ABOUT THIS EXERCISE: Below is a set of records; reproduce them exactly without their pictures.

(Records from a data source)
- Opening Delimiter -

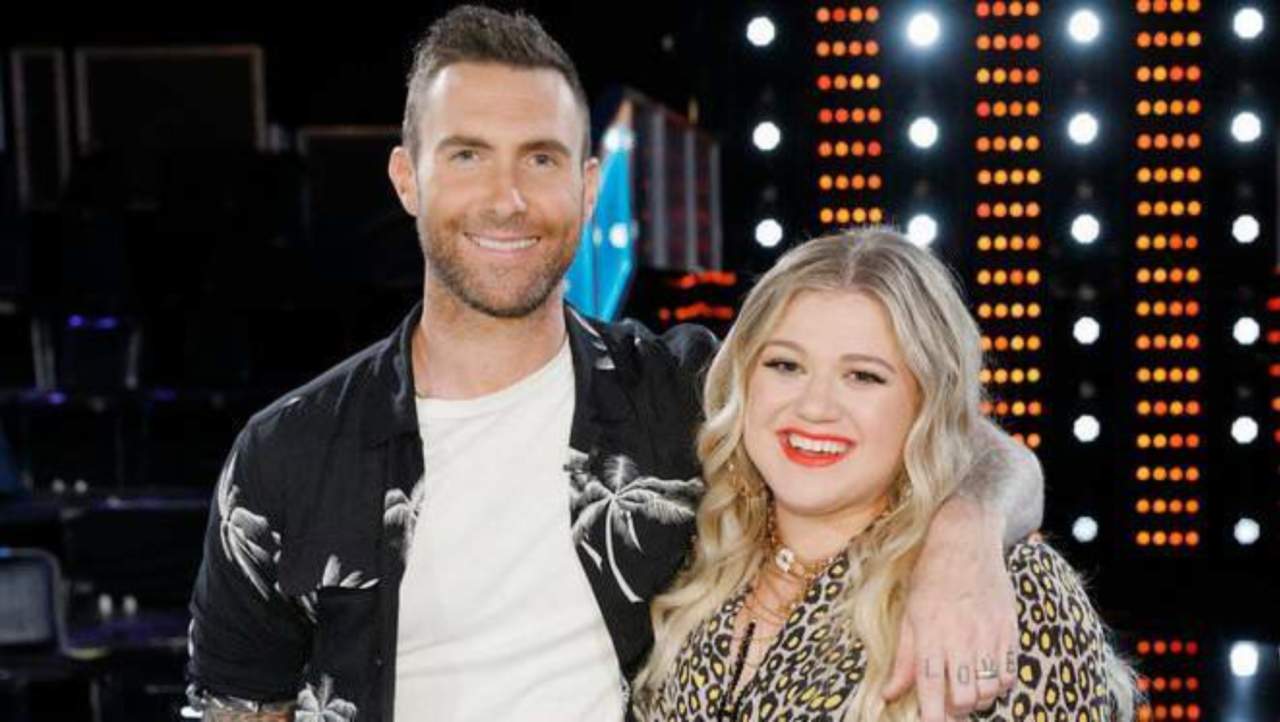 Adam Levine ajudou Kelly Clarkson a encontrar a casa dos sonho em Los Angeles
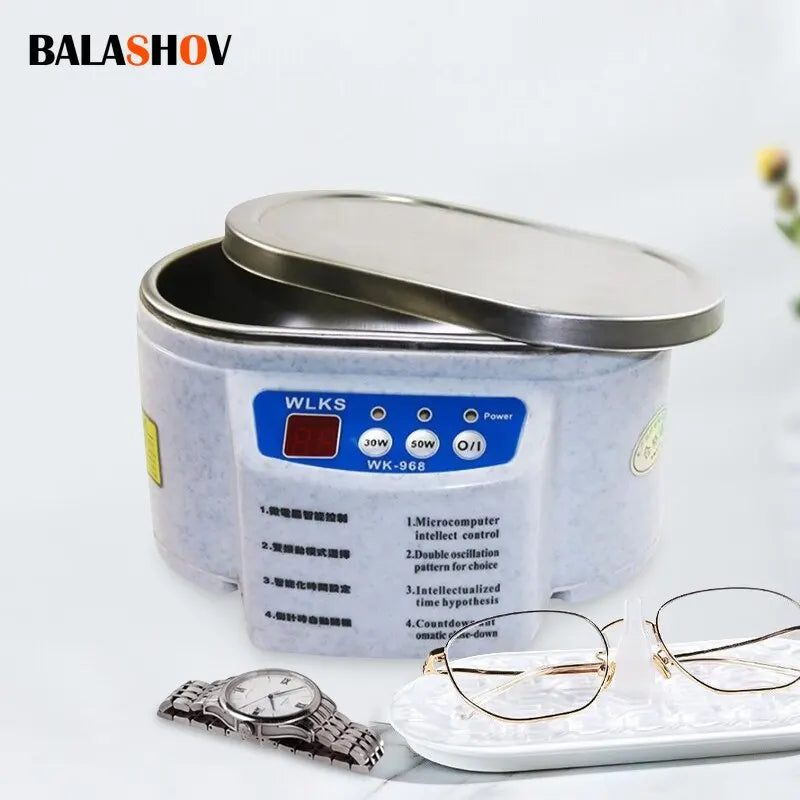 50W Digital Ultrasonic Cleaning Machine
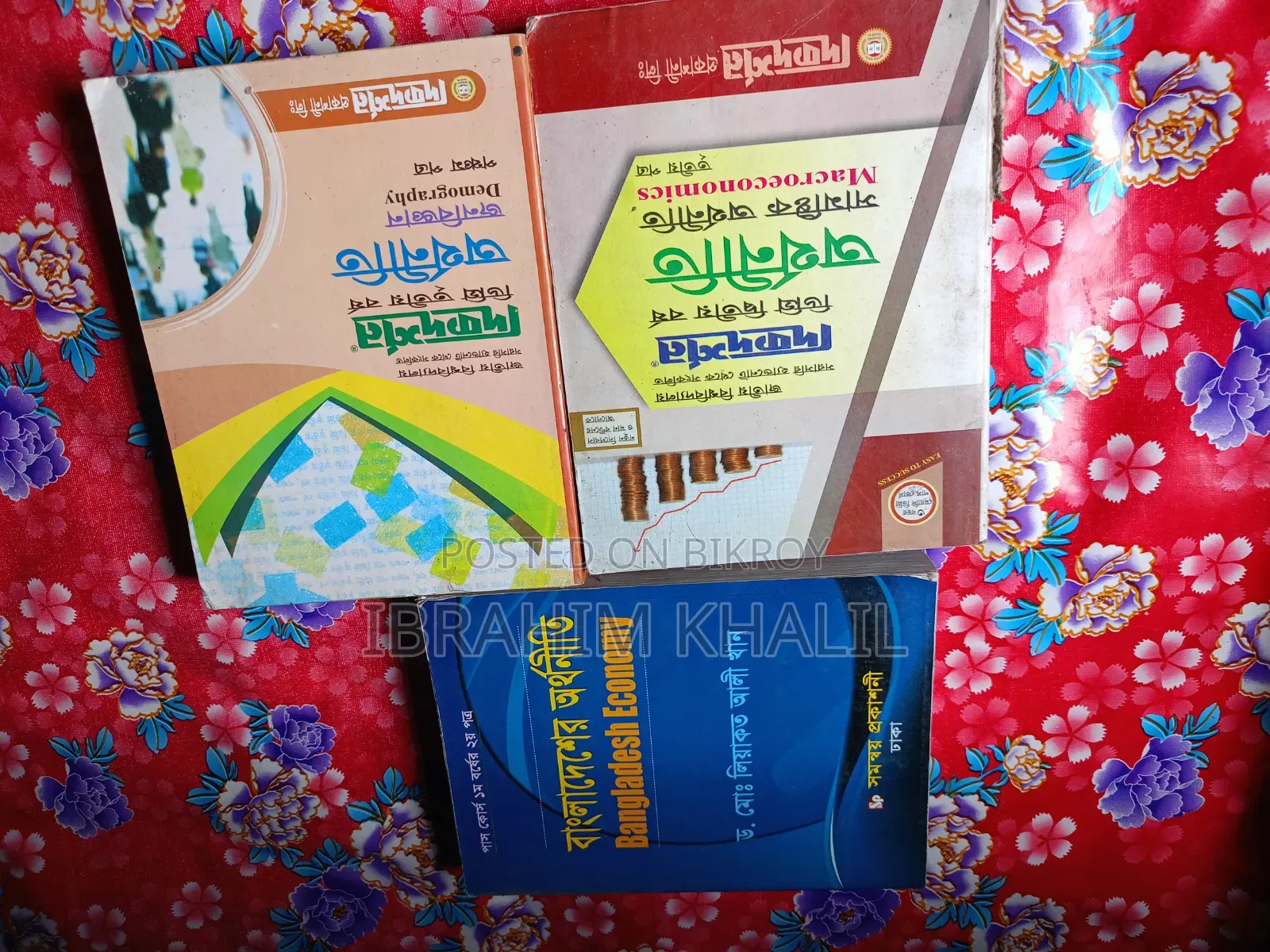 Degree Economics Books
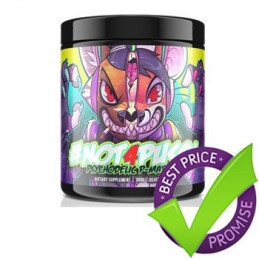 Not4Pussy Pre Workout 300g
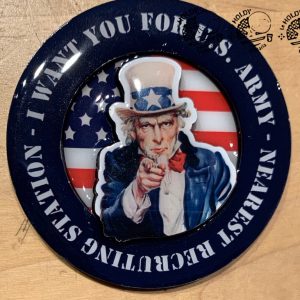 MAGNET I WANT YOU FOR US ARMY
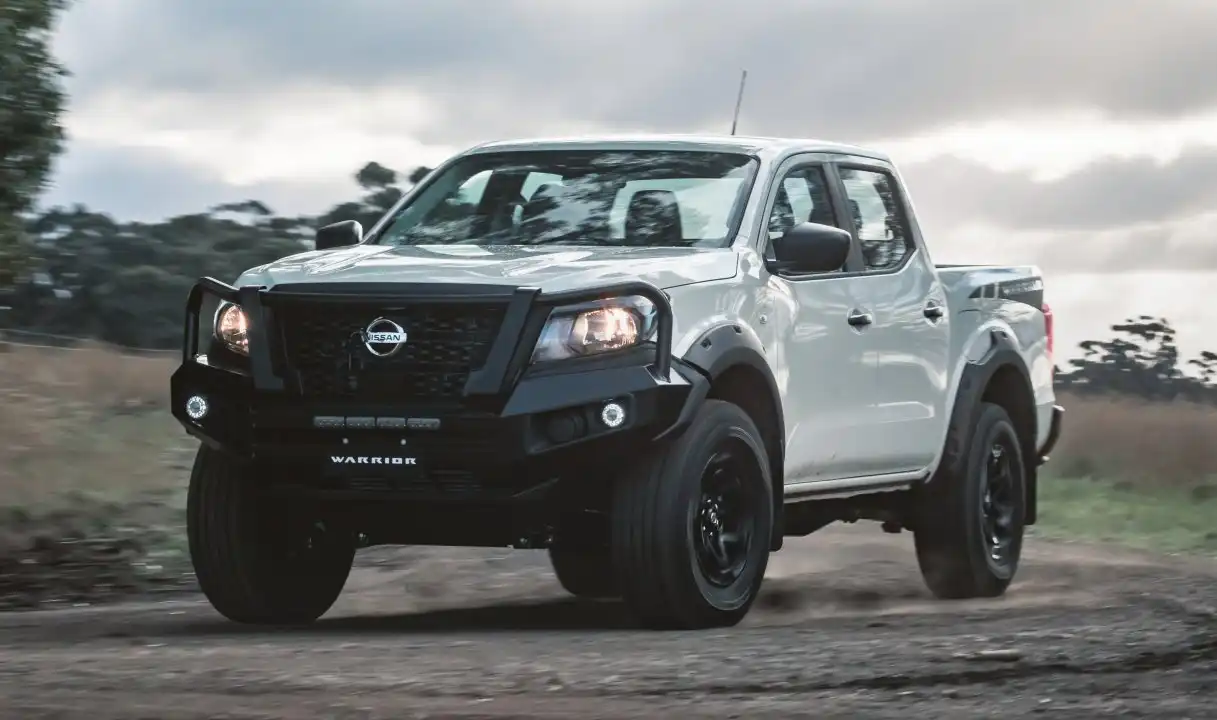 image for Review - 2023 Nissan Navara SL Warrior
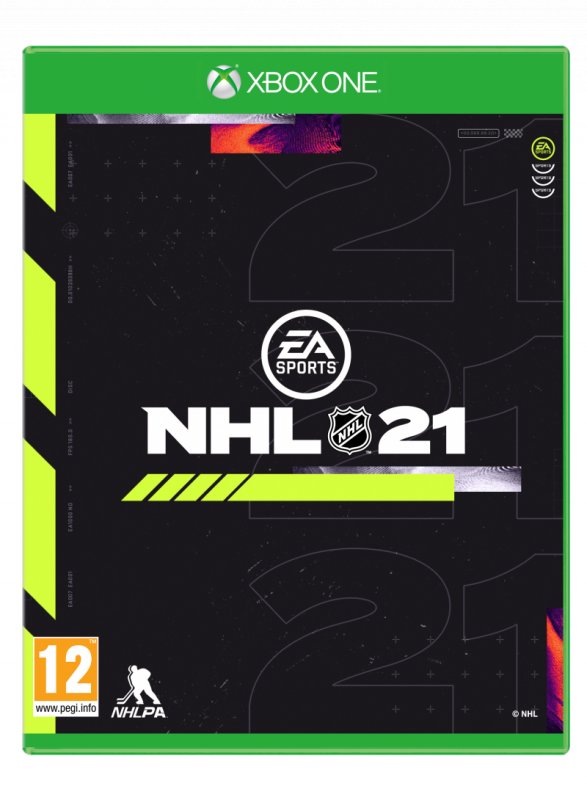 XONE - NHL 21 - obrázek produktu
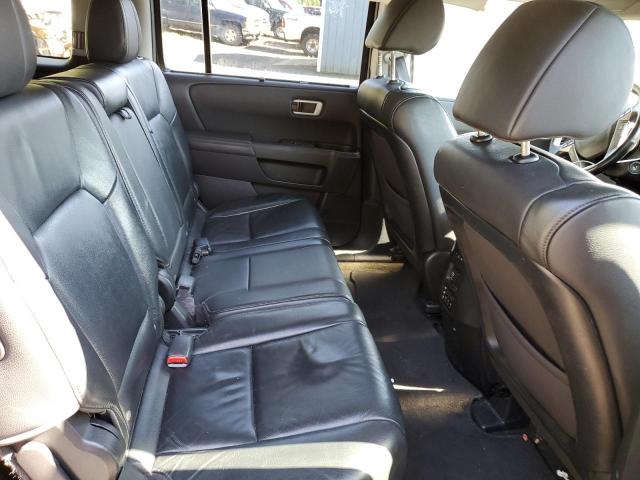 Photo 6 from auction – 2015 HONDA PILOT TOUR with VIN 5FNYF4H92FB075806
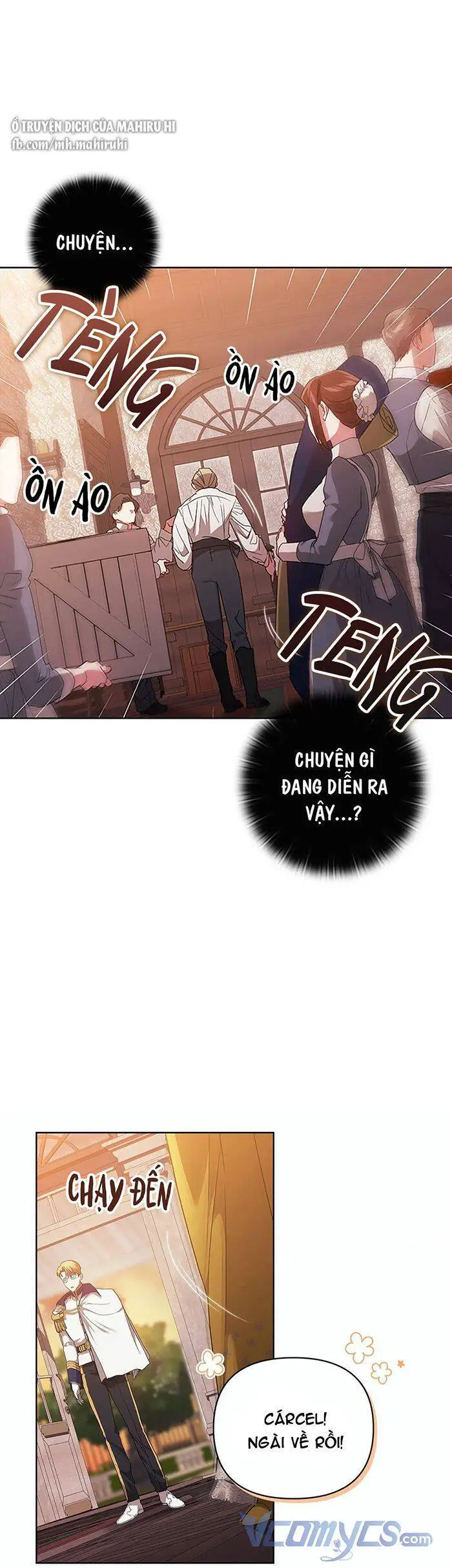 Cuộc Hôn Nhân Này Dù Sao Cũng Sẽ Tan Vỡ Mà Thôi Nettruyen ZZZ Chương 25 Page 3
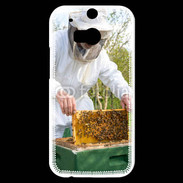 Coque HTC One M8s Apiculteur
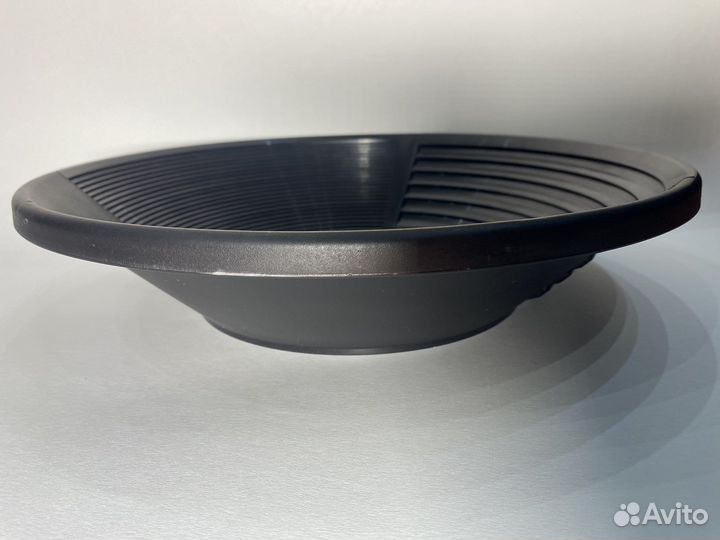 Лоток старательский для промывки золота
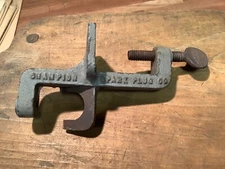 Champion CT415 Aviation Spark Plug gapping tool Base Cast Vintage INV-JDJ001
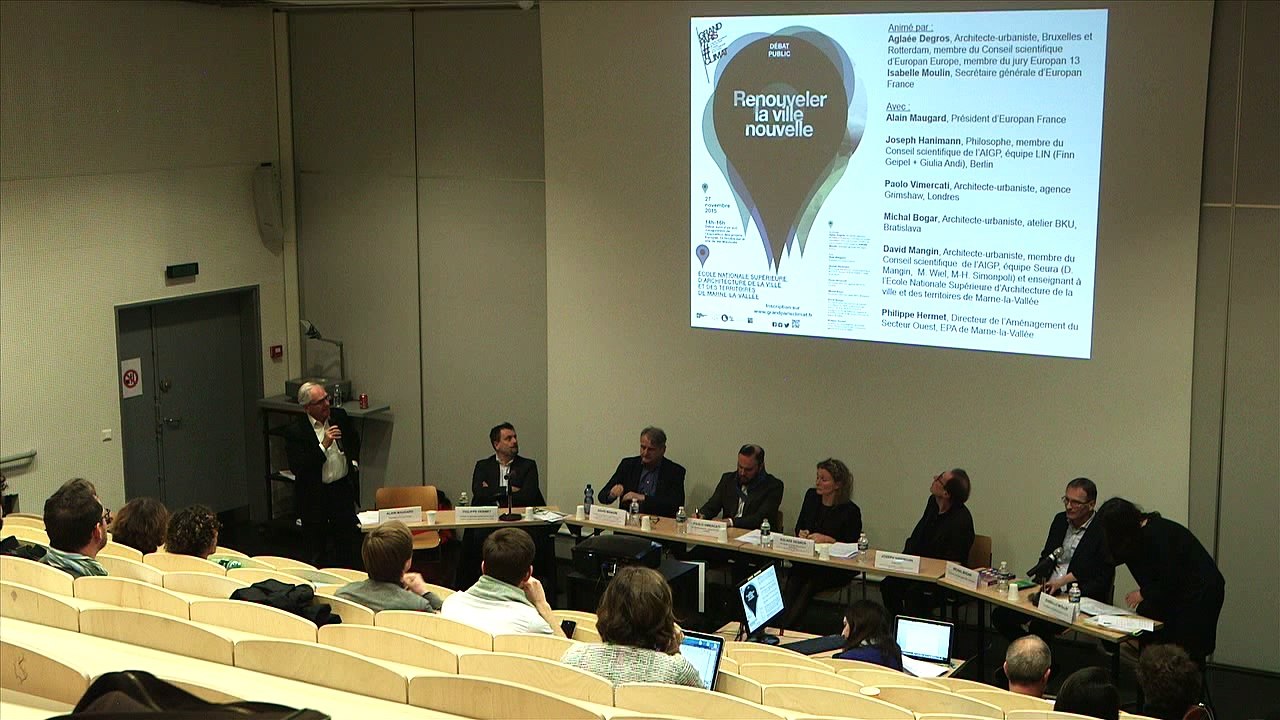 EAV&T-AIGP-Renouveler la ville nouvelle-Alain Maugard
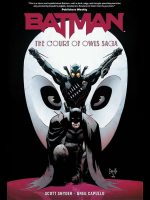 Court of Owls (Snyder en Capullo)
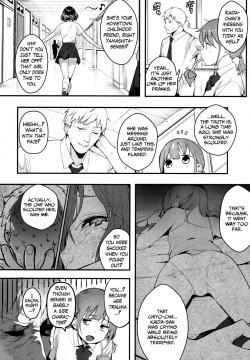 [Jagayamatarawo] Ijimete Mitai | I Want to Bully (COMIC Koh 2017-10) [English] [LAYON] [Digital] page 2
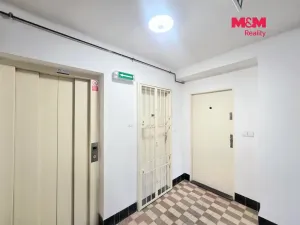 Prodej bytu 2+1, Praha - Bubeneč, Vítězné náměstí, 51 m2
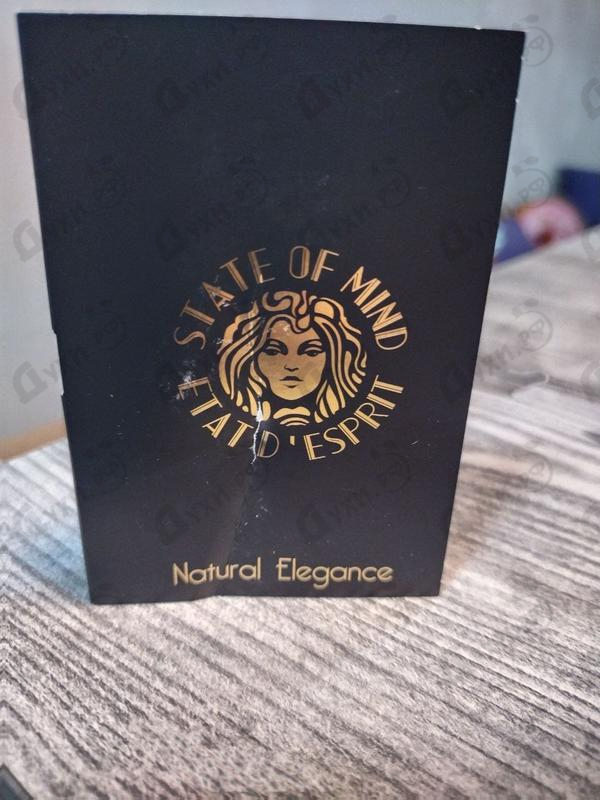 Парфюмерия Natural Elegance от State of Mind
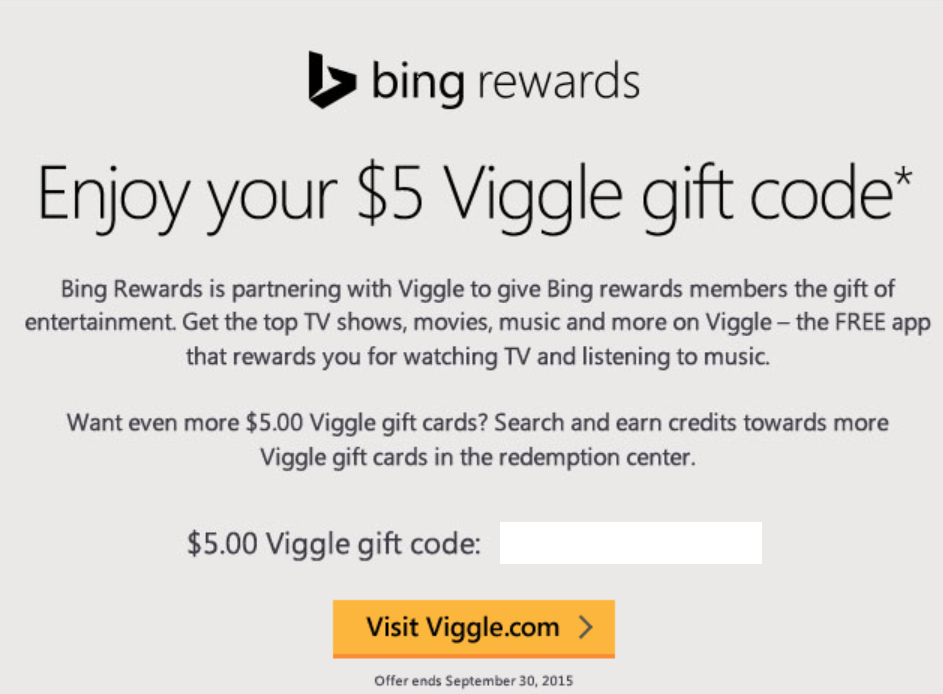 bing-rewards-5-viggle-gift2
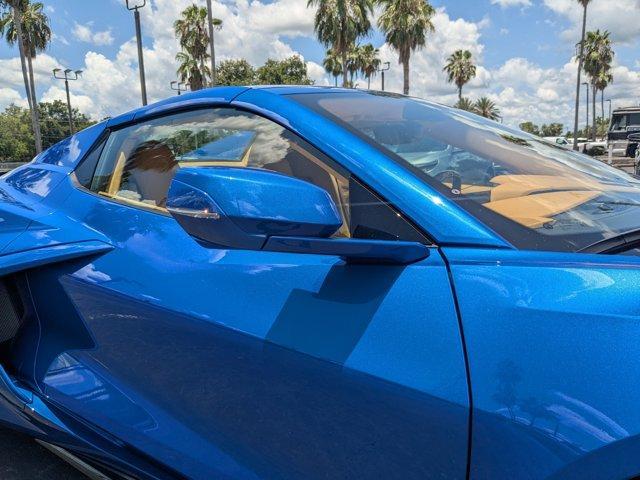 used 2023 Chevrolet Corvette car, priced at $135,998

- Closing Delimiter -

WRITTEN SOLUTION:
 Adam Levine ajudou Kelly Clarkson a encontrar a casa dos sonho em Los Angeles
 50W Digital Ultrasonic Cleaning Machine
 Degree Economics Books
 Not4Pussy Pre Workout 300g
 MAGNET I WANT YOU FOR US ARMY
 image for Review - 2023 Nissan Navara SL Warrior
 XONE - NHL 21 - obrázek produktu
 Photo 6 from auction – 2015 HONDA PILOT TOUR with VIN 5FNYF4H92FB075806
 Cuộc Hôn Nhân Này Dù Sao Cũng Sẽ Tan Vỡ Mà Thôi Nettruyen ZZZ Chương 25 Page 3
 Coque HTC One M8s Apiculteur
 Лоток старательский для промывки золота
 Champion CT415 Aviation Spark Plug gapping tool Base Cast Vintage INV-JDJ001
 EAV&T-AIGP-Renouveler la ville nouvelle-Alain Maugard
 Court of Owls (Snyder en Capullo)
 [Jagayamatarawo] Ijimete Mitai | I Want to Bully (COMIC Koh 2017-10) [English] [LAYON] [Digital] page 2
 Prodej bytu 2+1, Praha - Bubeneč, Vítězné náměstí, 51 m2
 Парфюмерия Natural Elegance от State of Mind
 bing-rewards-5-viggle-gift2
 used 2023 Chevrolet Corvette car, priced at $135,998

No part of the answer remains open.